Quand elle regarda de nouveau, les costumes étaient toujours là, dans leur malle, preuves de l’intuition qui l’habitait depuis la veille : le crime si célèbre du joueur de flûte ne s’était pas éteint avec lui il y a plus de sept cents ans. Il avait au contraire donné naissance à une ignoble confrérie de pédocriminels. Le réseau avait survécu jusqu’à aujourd’hui et elle-même en avait été l’une des victimes.

Ne se sentant plus très ferme sur ses jambes, Grace s’accroupit pour prendre la mesure de sa découverte. Il lui suffisait désormais de faire analyser les traces d’ADN qu’on détecterait sans doute dans la caverne, et notamment sur les costumes, pour identifier et retrouver ceux qui avaient œuvré ici, et qui œuvraient peut-être encore. Cette piste en or la conduirait forcément à ses propres bourreaux. Voire jusqu’à Lukas ?

Elle tourna la tête vers l’entrée de la grotte, se laissant aller à imaginer que la lumière qui y filtrait était celle qui brillait au bout du tunnel de sa quête de vérité.

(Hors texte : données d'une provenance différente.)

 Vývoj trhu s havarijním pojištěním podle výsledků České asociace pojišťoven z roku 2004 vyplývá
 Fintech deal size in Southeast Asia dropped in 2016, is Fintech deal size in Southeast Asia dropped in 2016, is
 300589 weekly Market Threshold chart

Pourtant, un sentiment étrange l’empêcha de se relever pour sortir et respirer l’air frais dont elle avait tellement besoin. Tu vas trop vite en besogne, lui chuchotait à l’esprit une petite voix qu’elle avait appris à écouter. Elle songeait à Scott Dyce, qui lui avait parlé d’une « impensable vérité ». Faisait-il allusion à ce réseau ancestral ? Elle aurait pu y croire s’il n’avait pas ajouté cette phrase énigmatique : « Ils ont fait ce qu’on n’avait jamais osé dans l’histoire de notre civilisation, à la vue de tous… »

À la vue de tous ? Les atrocités commises dans cette caverne avaient, au contraire, été cachées aux yeux de la société… Quelque chose lui échappait. Mais quoi ?

Elle sortit de ses réflexions. Il était temps pour elle de regagner la ville et d’informer son supérieur de sa macabre découverte. Elliot Baxter devait se mettre au plus vite en relation avec les autorités allemandes afin qu’elles procèdent à l’expertise scientifique de cette grotte, qui serait sans aucun doute historique.

Grace se releva et, sa lampe à la main, observa une dernière fois les lieux pour s’assurer de n’avoir rien manqué. Le pinceau de lumière décrivit lentement un cercle sur les contours inégaux de la roche, glissa sur la malle, la porte de l’antichambre, révéla de nouveau les squelettes suppliciés attachés à leurs chaînes, et découpa soudain une silhouette, qui fondit sur elle.